The United States weighed in on the matter. Timothy Summers, who worked as a cybersecurity engineer with a U.S. intelligence agency, described the Pegasus software as “eloquently nasty.” He explained that if the software were in the wrong hands, one could “spy on almost the entire world population,” and speculated that humanity is not fit for one person to have access to this power. NSO Group has since hired Thomas Clare to legally represent the company and defend his initial statement about the information collected being filled with denial. Clare claimed the issue’s reporting went off assumptions, factual errors, and was overall flawed, and shifted the blame. “[N]SO Group has good reason to believe that this list of ‘thousands of phone numbers’ is not a list of numbers targeted by governments using Pegasus,” Clare claimed. However, he concluded that it “may be part of a larger list of numbers,” possibly “used by NSO Group customers for other purposes.”

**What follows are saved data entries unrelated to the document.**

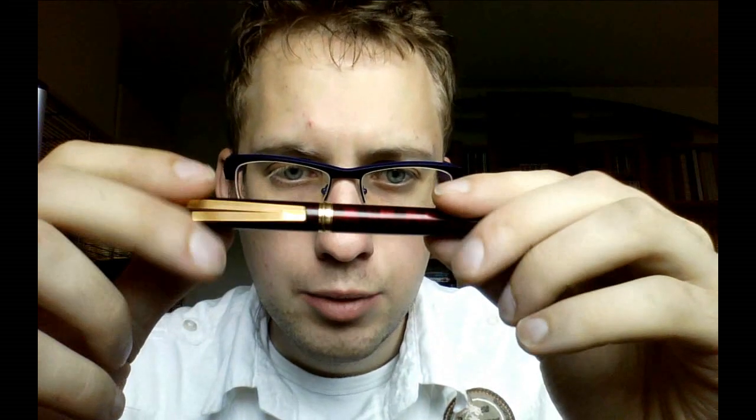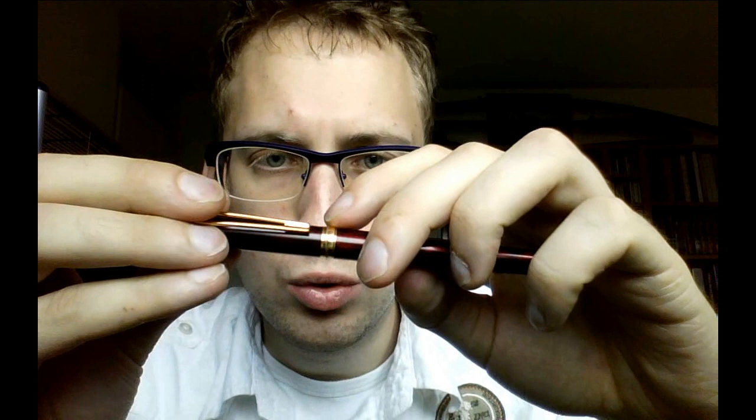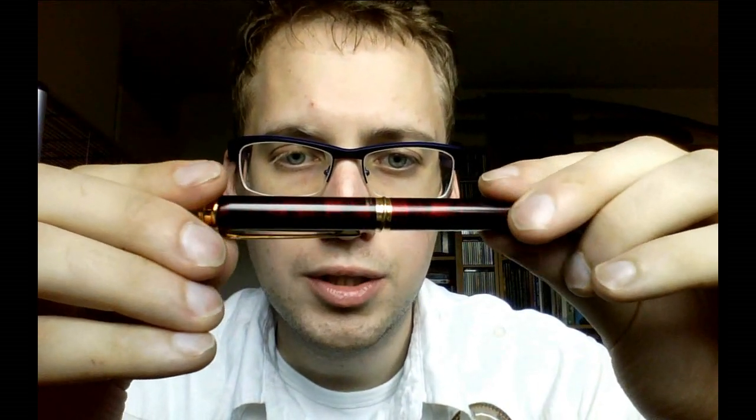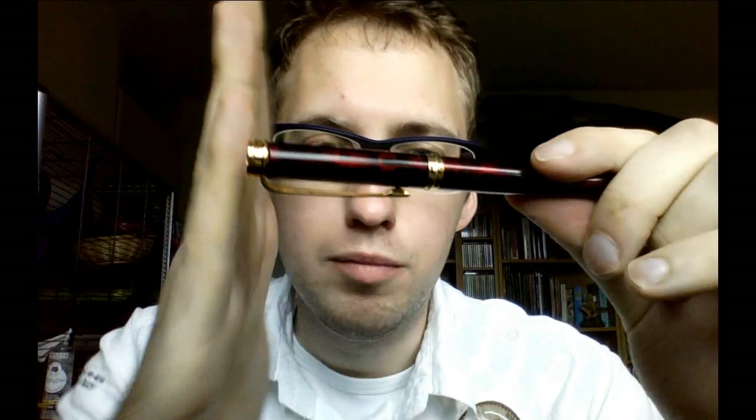I also like — and I'm not sure whether you can really see that very well — but there is a sort of gold ring. There is a ridge on it, and the ridge is a little bit oblique, which is kind of nice. And if you move it around like this, you can see that this ridge kind of moves a little, because it's at an oblique angle to the pen. It's not sharp at all; that ridge is really rounded, so you won't hurt your fingers, which I always like.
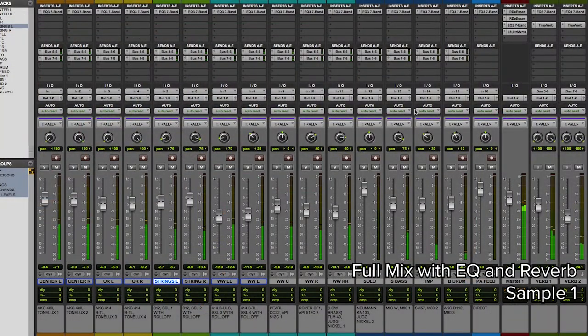Now I've engaged the EQ and the reverb sends, as well as all the other microphones, so that we can hear how the mix ended up sounding.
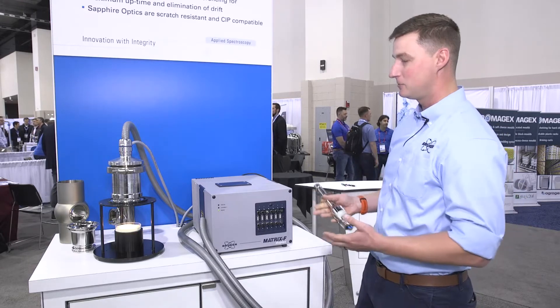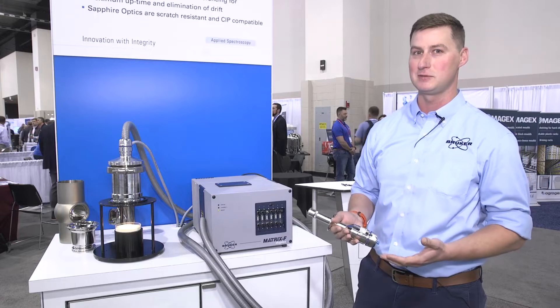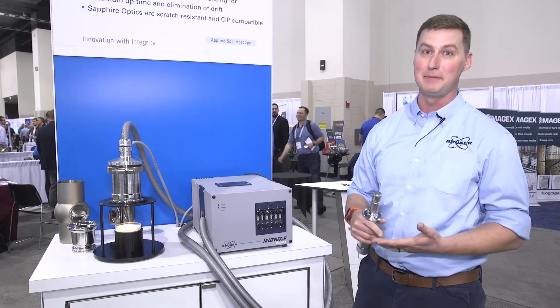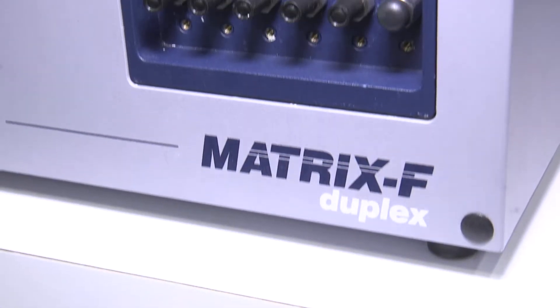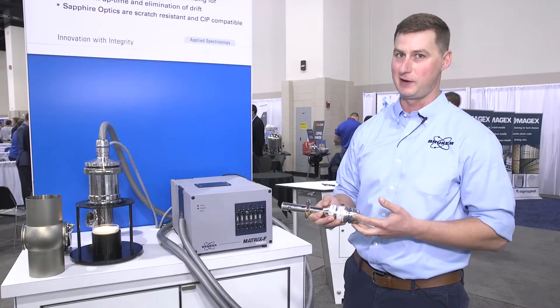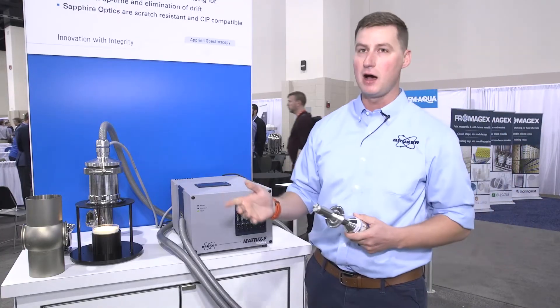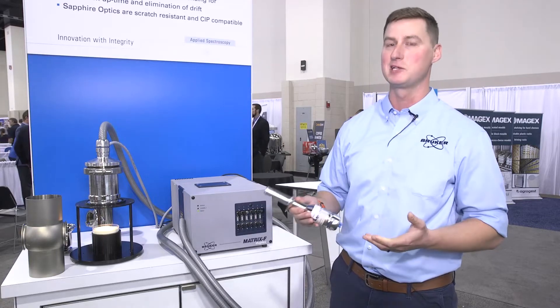This analyzer uses the same FTNIR technology as our benchtop systems, which means you can expect the same reliability, repeatability, and stability over time. Probes are specifically designed for the dairy industry with 3A standards in mind. Depending on where in the process we want to analyze, we'll recommend a specific probe.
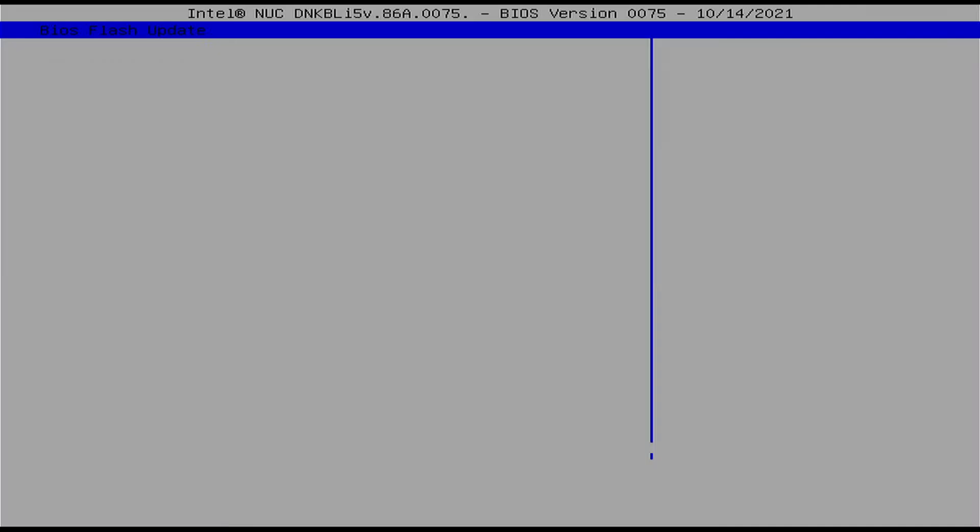Just to show you, I've gone back into the BIOS flashing screen and as you can see it now shows version 0075, dated 14th of October 2021. So the update was successful.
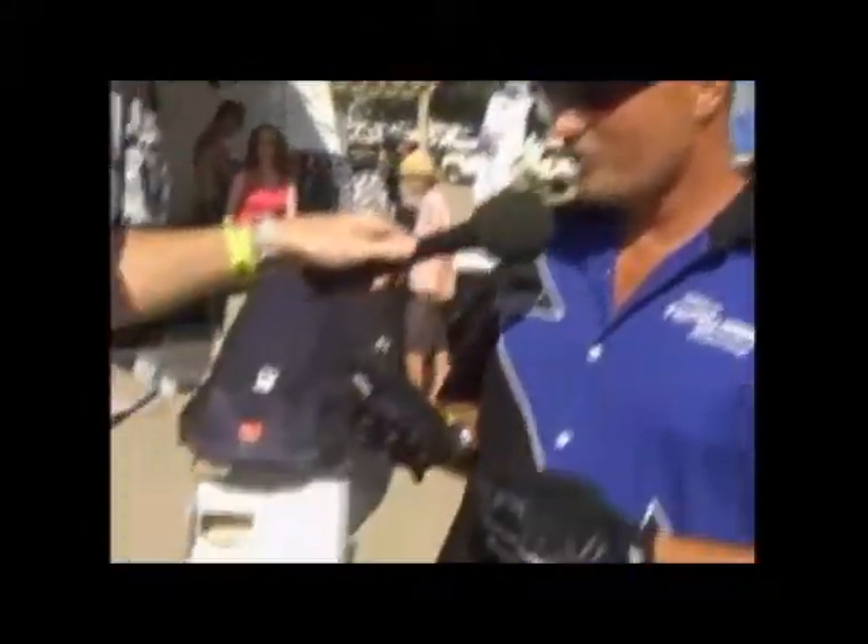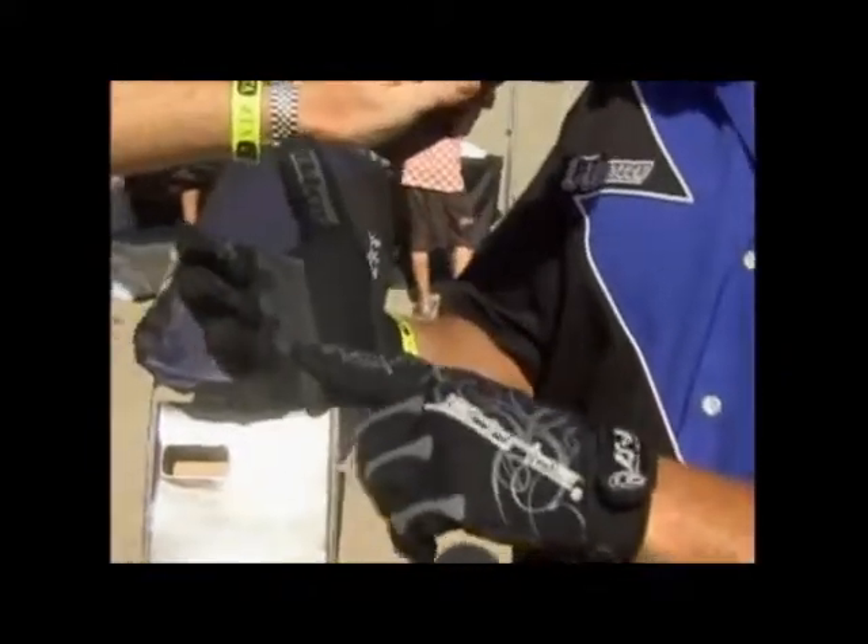You're wearing the Jet Tribe Gloves. Tell us what's so unique about these gloves. These Jet Tribe Gloves have quite a few features built into them. They have traction here on the finger for your throttle, and when you're holding the ski, it really grips on the side of the ski really well. They've also got some extra traction here in the palm.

Answering follow-up questions, NSO Group called the 50,000 phone number list “exaggerated” and believed the findings were based on “misleading interpretation of leaked data from accessible and overt basic information.” They alleged the information was found through Home Location Register (HLR) services. The HLR refers to a database of essential operating cell networks. These types of registers record the networks and general locations of cellphone users. The major issue now becomes telecommunication safety and security, while still meeting demands of the group’s monetary backings. Karsten Nohl, the chief scientist for Security Research Labs in Berlin said he would not be surprised if NSO Group had access to several countries’ HLR databases. He cautioned “it’s not difficult to get that access. Given the resources of NSO, it’d be crazy to assume that they don’t have [access] from at least a dozen countries…from a dozen counties, you can spy on the rest of the world.”
The NSO Group is also adamant about their lack of ability to surveil American phones. Although roughly a dozen Americans working overseas were found on the list, no evidence was found of successful spyware penetration. In a statement released by NSO Group regarding access to American numbers, they said “our products, sold to vetted foreign governments, cannot be used to conduct cyber-surveillance within the United States…” It has now become an even longer cat-and-mouse game between cell providers like Apple and other spyware makers, including NSO Group. Apple has spent over 10 years creating and adding new protections for their customers. Head of Apple Security Engineering and Architecture Ivan Krstić affirmed in a statement that they have “led the industry in security innovation and, as a result, security researchers agree iPhone is the safest, most secure consumer mobile device on the market.”
Krstić also explained that the attacks supposedly carried out by NSO Group are extremely expensive to develop and usually used to target very specific individuals. This means that NSO Group is not an overwhelming threat to the majority of iPhone users, but still very much on Apple’s security radar. While the Pegasus spyware isn’t a major concern for most people on a daily basis, it is causing American cyber-security companies to heighten attentiveness to creating a program that deters them and other types of spyware.